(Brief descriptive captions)
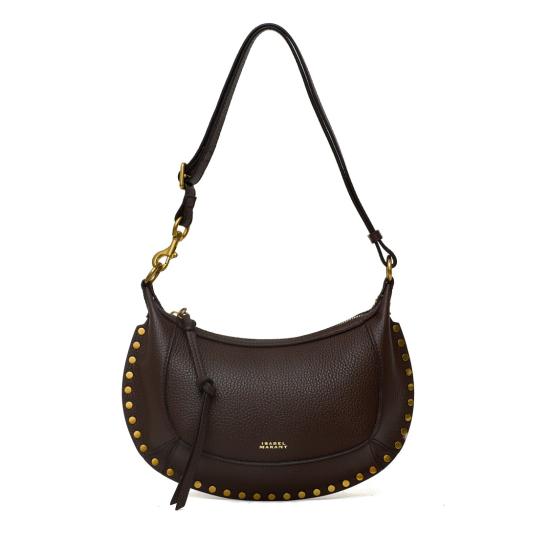 26FW 이자벨마랑 오스칸 문 풀 그레인 레더 스터드 바게트 숄더백 PP0003FAD1C04M Brown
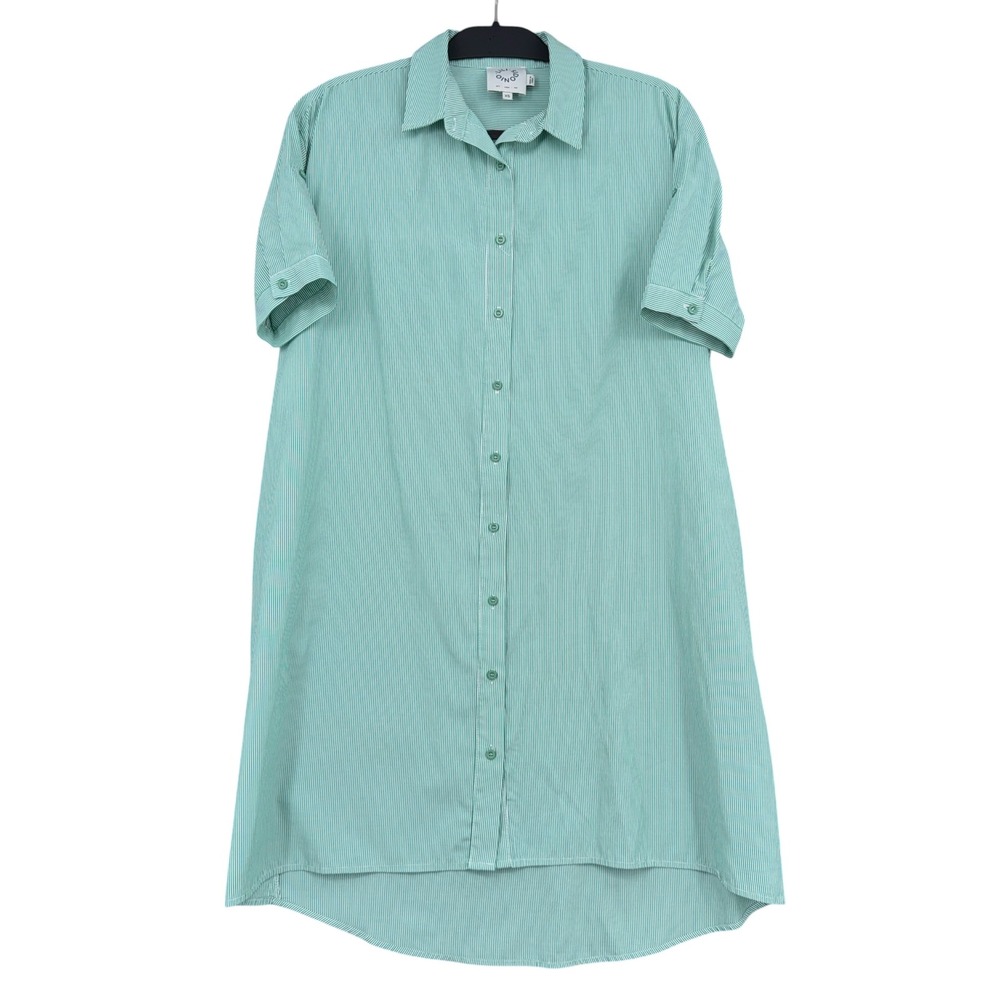 Lili Sidonio Striped Shirt Dress Womens XS Cotton Blend Green White Short Sleeve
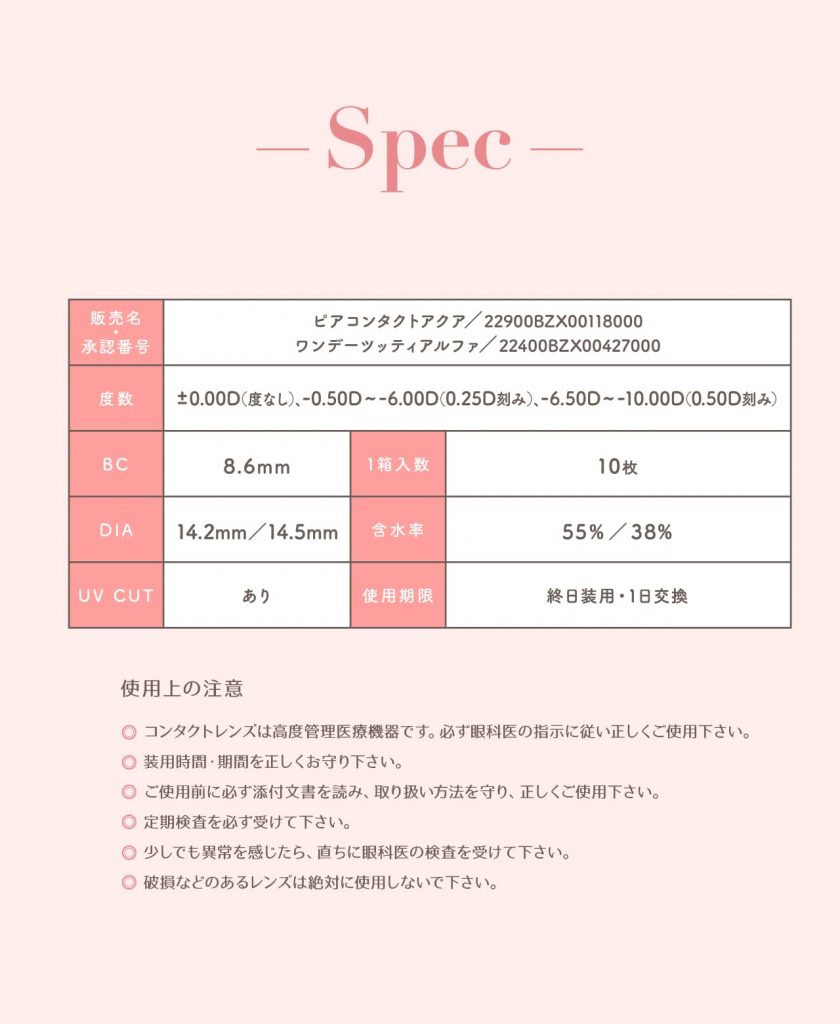 トパーズワンデー「レンズスペック」-指原莉乃-さっしーカラコン-ワンデー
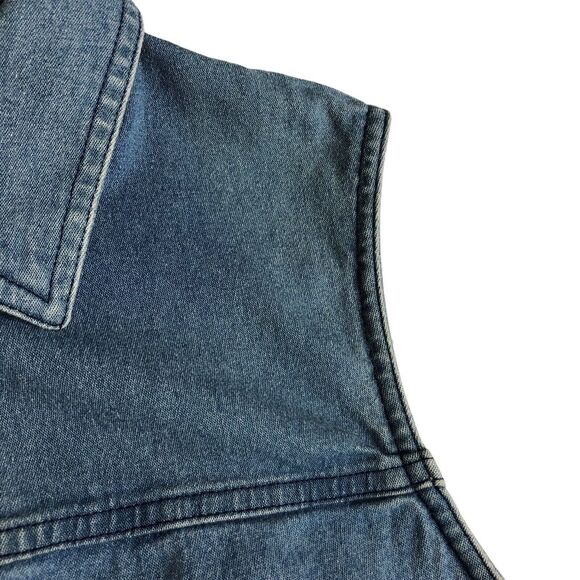 Vintage Talbots Vest Womens Small Blue Denim Button Front Cotton Spandex Pockets - Picture 7 of 15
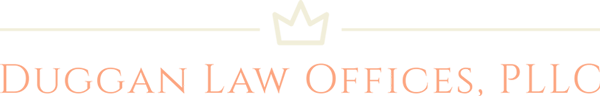 The logo for duggan law offices , llc has a crown on it.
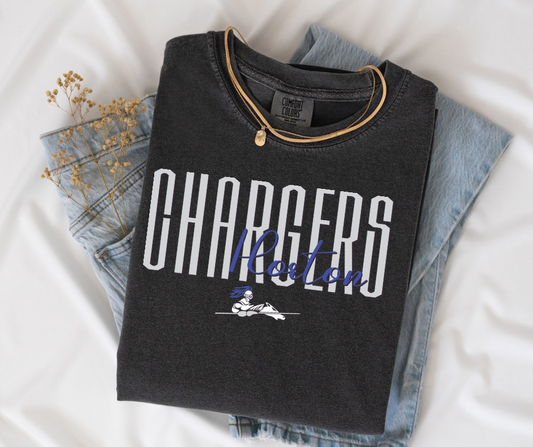 Horton Chargers script tee
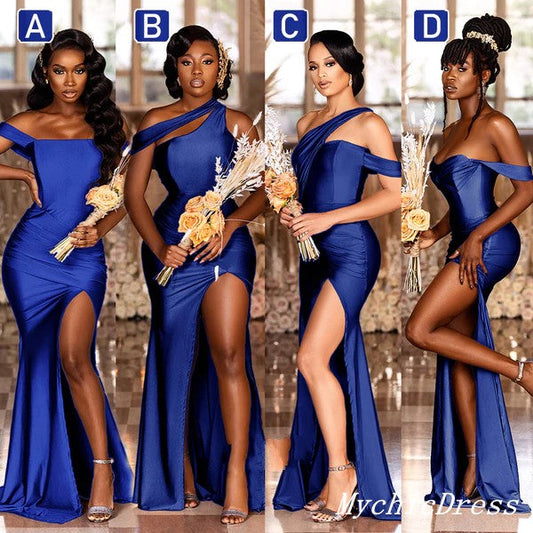 Royal Blue Satin Bridesmaid Dresses Mismatched Sweetheart Satin Dresses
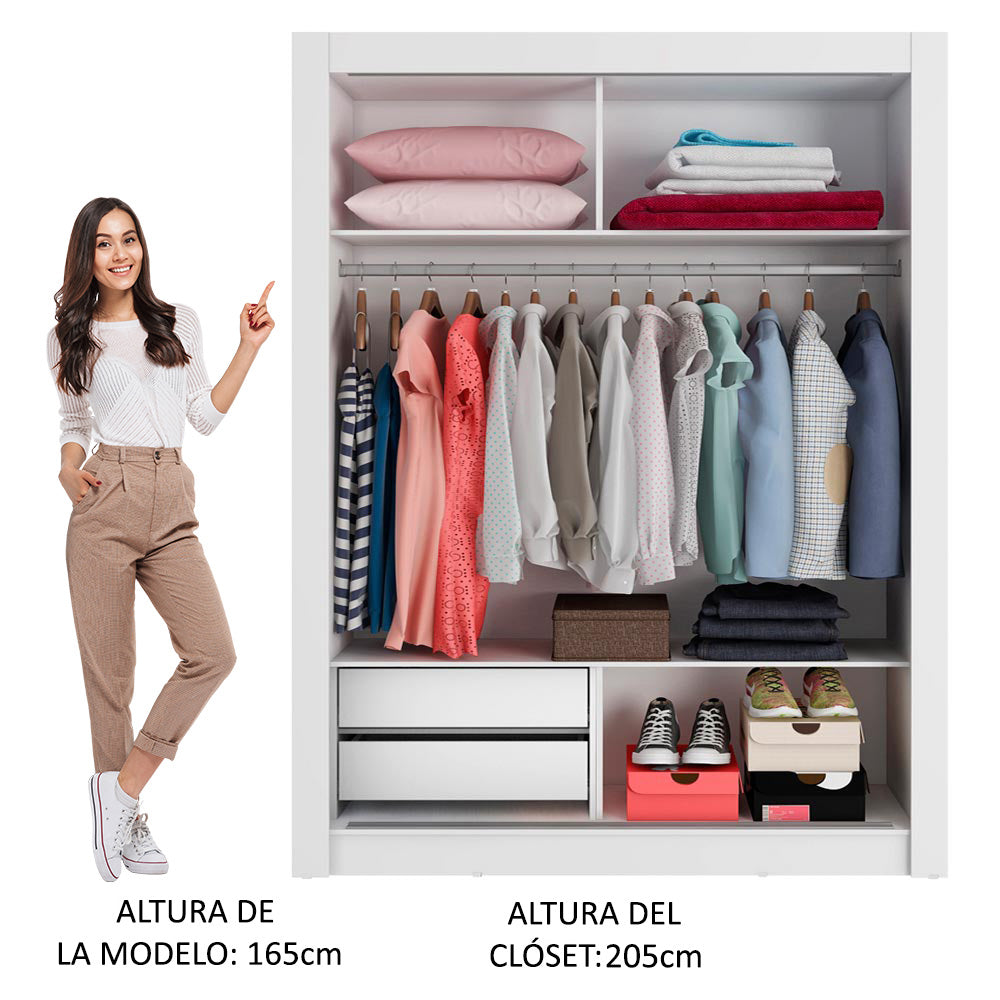 Clóset Soltero 2 Puertas Corredizas con Espejo 2 Cajones Blanco/Marrón Dallas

Required work
Once you find the line that contains "トパーズワンデー「レンズスペック」-指原莉乃-さっしーカラコン-ワンデー", reproduce it and every line after it through the end of the entries above, exactly as written, with no pictures.

Answer to the problem
 トパーズワンデー「レンズスペック」-指原莉乃-さっしーカラコン-ワンデー
 Vintage Talbots Vest Womens Small Blue Denim Button Front Cotton Spandex Pockets - Picture 7 of 15
 The logo for duggan law offices , llc has a crown on it.
 Horton Chargers script tee
 Royal Blue Satin Bridesmaid Dresses Mismatched Sweetheart Satin Dresses
 Clóset Soltero 2 Puertas Corredizas con Espejo 2 Cajones Blanco/Marrón Dallas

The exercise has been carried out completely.